BEGIN Information given

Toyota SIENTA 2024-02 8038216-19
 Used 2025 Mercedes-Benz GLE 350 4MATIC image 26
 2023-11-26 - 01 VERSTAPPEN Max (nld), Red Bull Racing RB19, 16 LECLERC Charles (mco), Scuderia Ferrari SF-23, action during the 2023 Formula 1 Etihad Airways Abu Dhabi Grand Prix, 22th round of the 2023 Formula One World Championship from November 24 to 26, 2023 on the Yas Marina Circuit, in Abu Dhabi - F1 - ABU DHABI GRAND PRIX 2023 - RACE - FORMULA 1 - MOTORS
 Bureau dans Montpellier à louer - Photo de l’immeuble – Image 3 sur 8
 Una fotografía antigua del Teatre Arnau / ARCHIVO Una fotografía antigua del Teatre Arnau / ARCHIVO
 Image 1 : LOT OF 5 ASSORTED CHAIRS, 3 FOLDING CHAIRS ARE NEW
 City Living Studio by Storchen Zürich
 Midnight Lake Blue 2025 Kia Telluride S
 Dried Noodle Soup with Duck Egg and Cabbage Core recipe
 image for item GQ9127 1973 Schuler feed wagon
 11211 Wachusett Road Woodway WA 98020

END Information given
BEGIN Information given

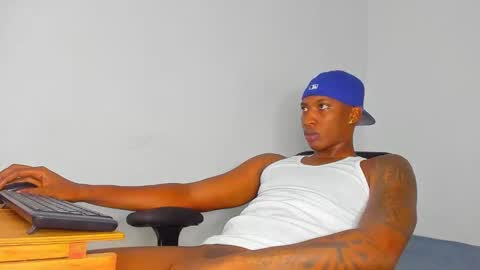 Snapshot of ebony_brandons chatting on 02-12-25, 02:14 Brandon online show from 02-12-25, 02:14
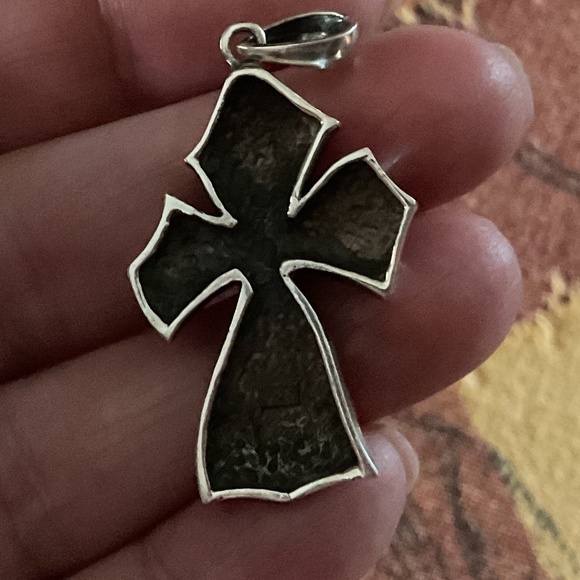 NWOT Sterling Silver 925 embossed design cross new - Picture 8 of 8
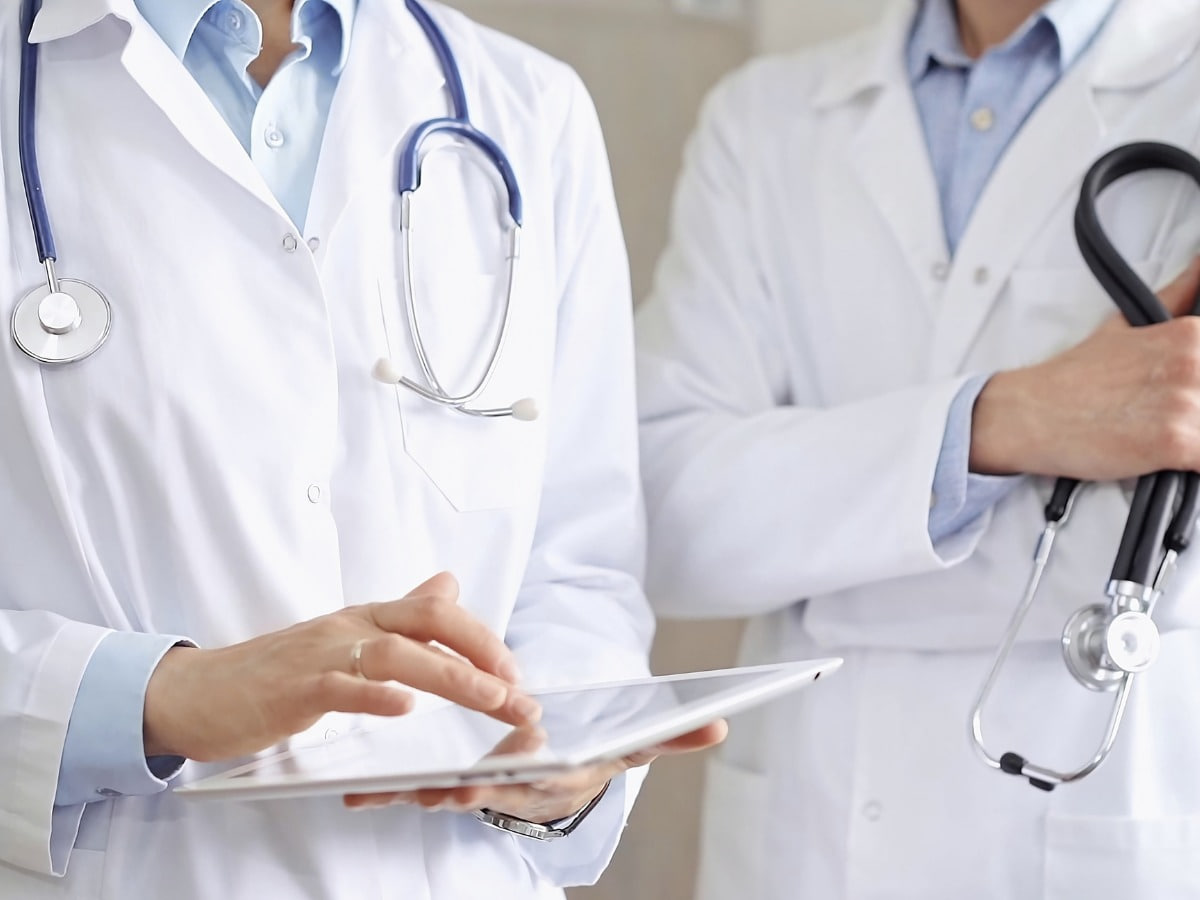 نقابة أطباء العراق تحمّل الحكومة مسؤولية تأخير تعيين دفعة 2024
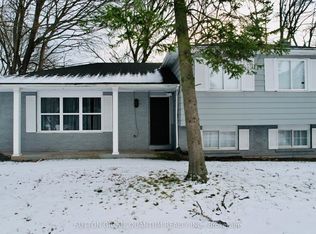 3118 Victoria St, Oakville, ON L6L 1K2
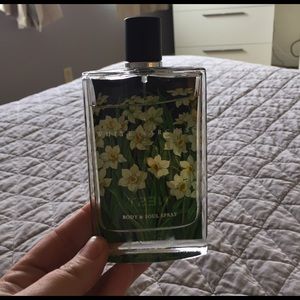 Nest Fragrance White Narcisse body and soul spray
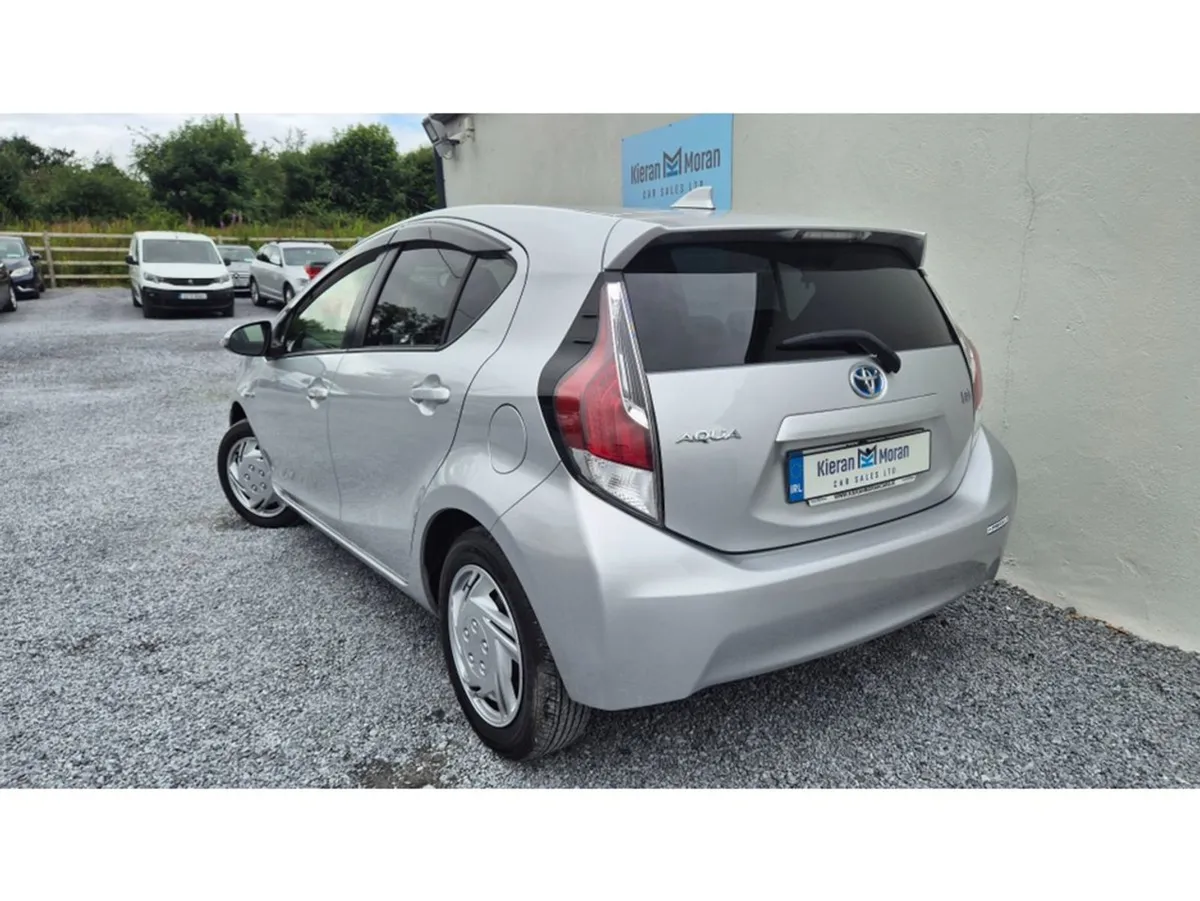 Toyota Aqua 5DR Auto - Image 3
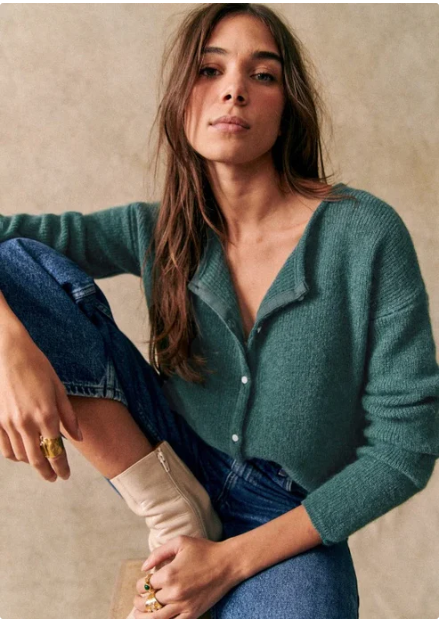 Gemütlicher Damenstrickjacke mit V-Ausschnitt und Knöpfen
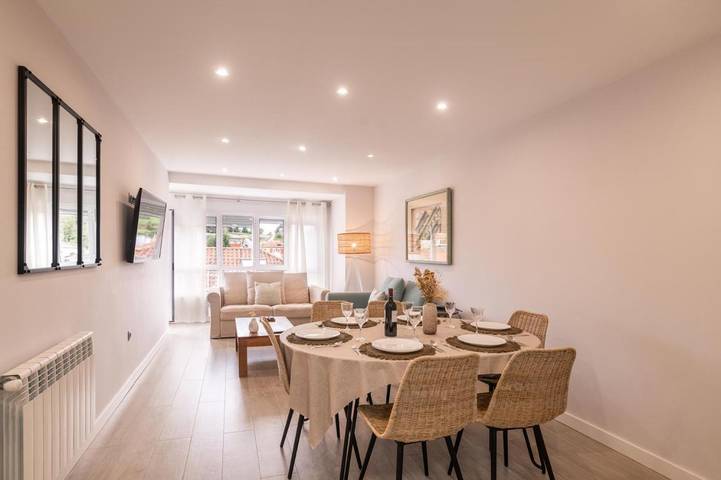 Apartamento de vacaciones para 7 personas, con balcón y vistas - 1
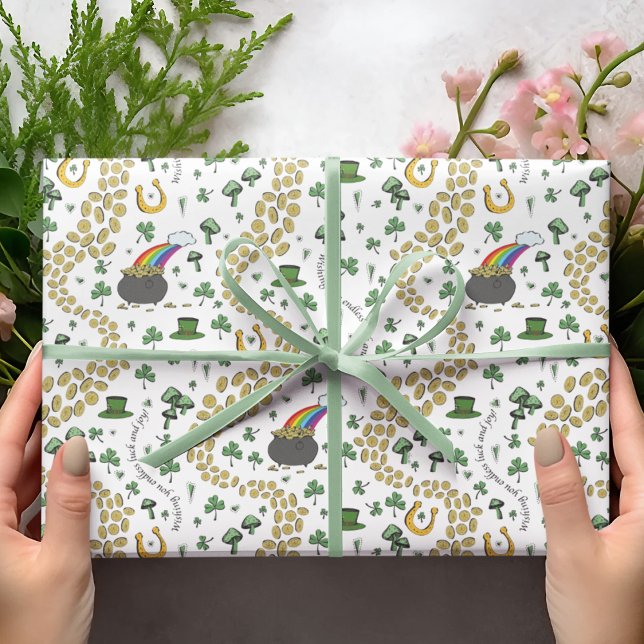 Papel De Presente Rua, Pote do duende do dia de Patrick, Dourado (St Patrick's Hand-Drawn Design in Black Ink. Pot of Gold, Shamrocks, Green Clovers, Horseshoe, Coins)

END Information given

◆ Task directions ◆
Above are the records; please give again, exactly and in full, only the lines that run from the line with "Nest Fragrance White" through the line with "Papel De Presente", with no pictures.

◆ Result of this exercise ◆
 Nest Fragrance White Narcisse body and soul spray
 Toyota Aqua 5DR Auto - Image 3
 Gemütlicher Damenstrickjacke mit V-Ausschnitt und Knöpfen
 Apartamento de vacaciones para 7 personas, con balcón y vistas - 1
 Papel De Presente Rua, Pote do duende do dia de Patrick, Dourado (St Patrick's Hand-Drawn Design in Black Ink. Pot of Gold, Shamrocks, Green Clovers, Horseshoe, Coins)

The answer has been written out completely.